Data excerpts
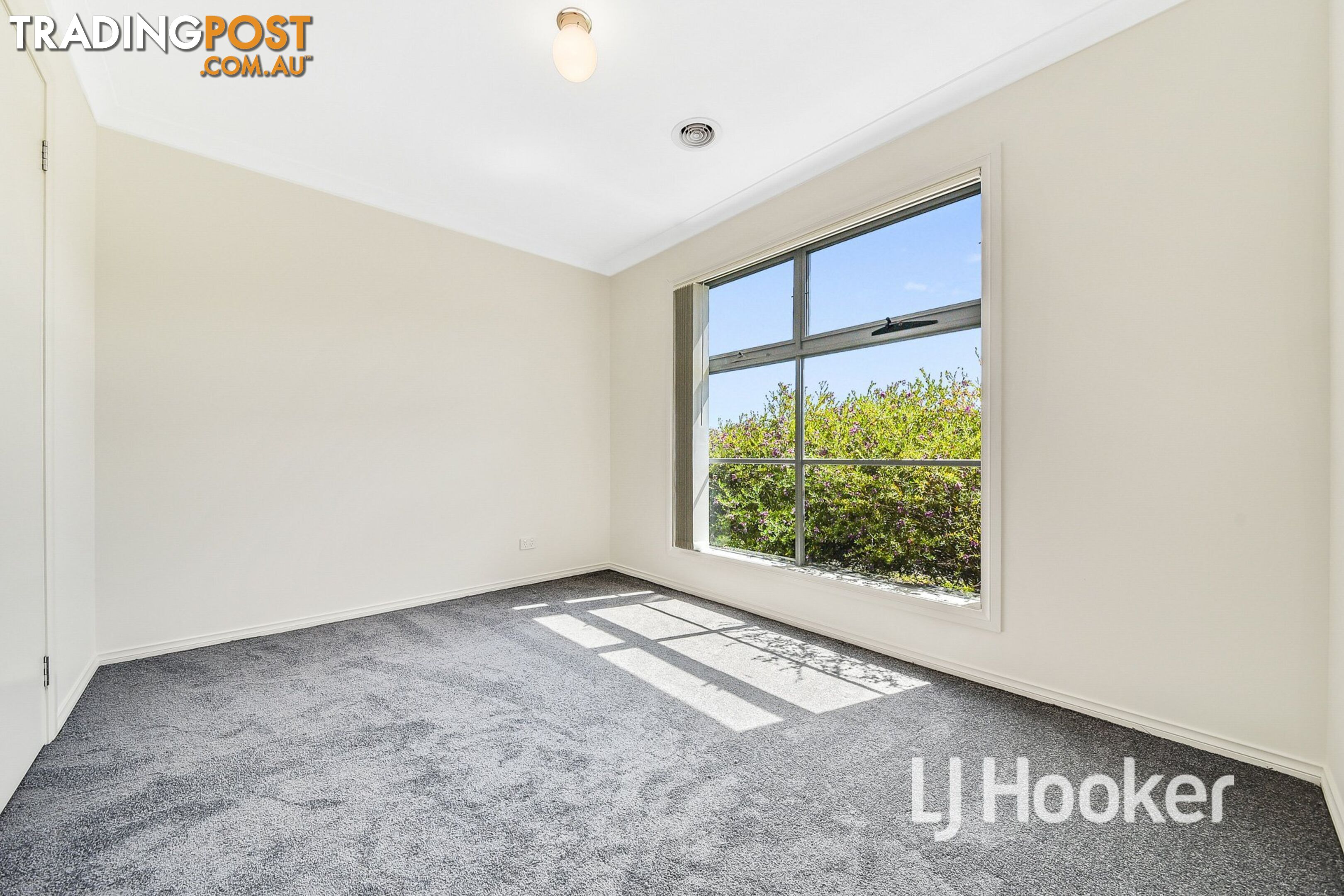 6 McClenaghan Place PAKENHAM VIC 3810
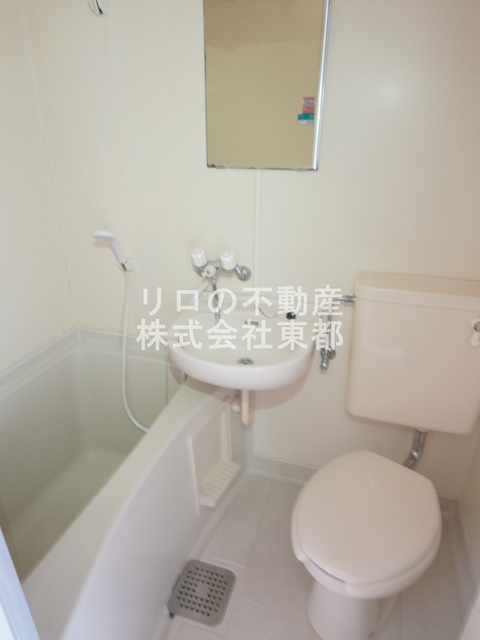 バス・シャワールーム　バストイレが一緒になってるとお掃除がしやすいです♪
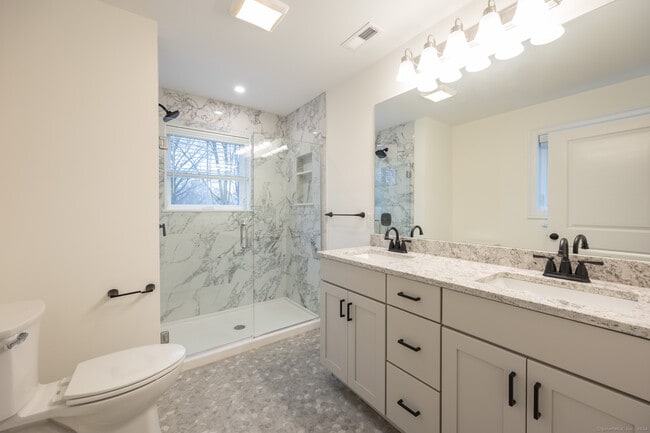 Building Photo - 242 S Main St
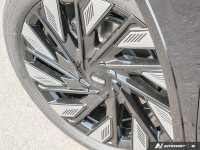 Sunroof, Cooled Seats, Premium Audio, Navigation, Wireless Charging! This Lincoln Nautilus promises... (image 6)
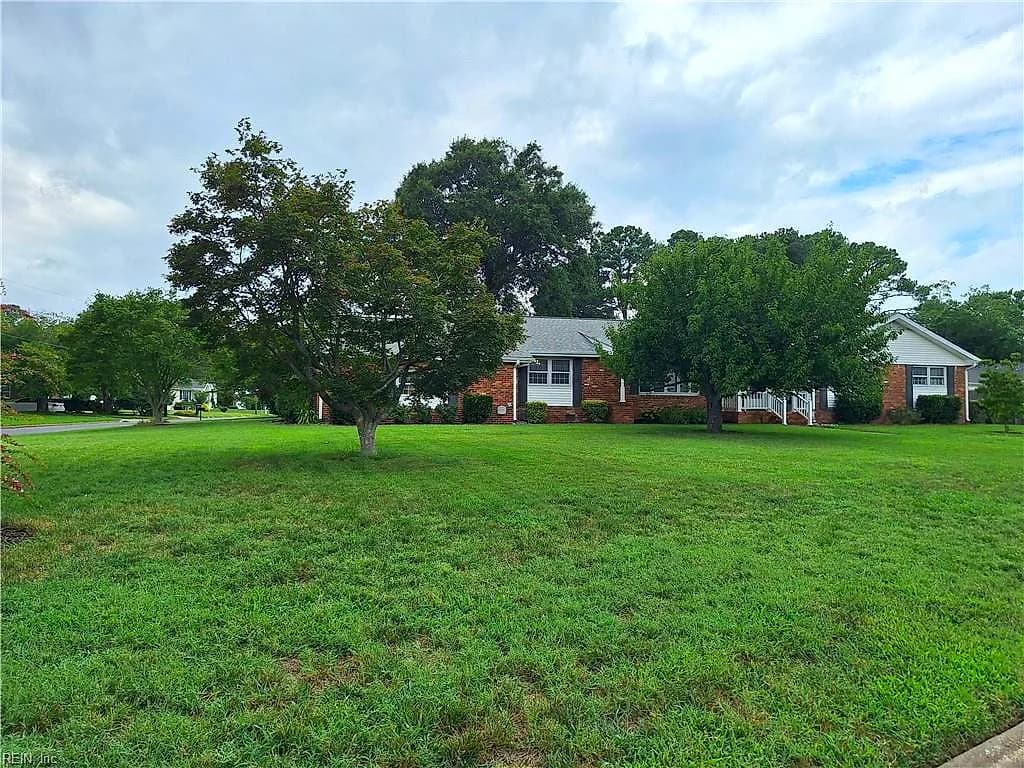 4601 Miles Standish RD, VIRGINIA BEACH VA 23455 - Photo 3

* [Your task]: Omitting all pictures, retype exactly the lines from the line containing "Building Photo - 242 S Main St" down to the last line above, both ends included.

* [Solved exercise]:
 Building Photo - 242 S Main St
 Sunroof, Cooled Seats, Premium Audio, Navigation, Wireless Charging! This Lincoln Nautilus promises... (image 6)
 4601 Miles Standish RD, VIRGINIA BEACH VA 23455 - Photo 3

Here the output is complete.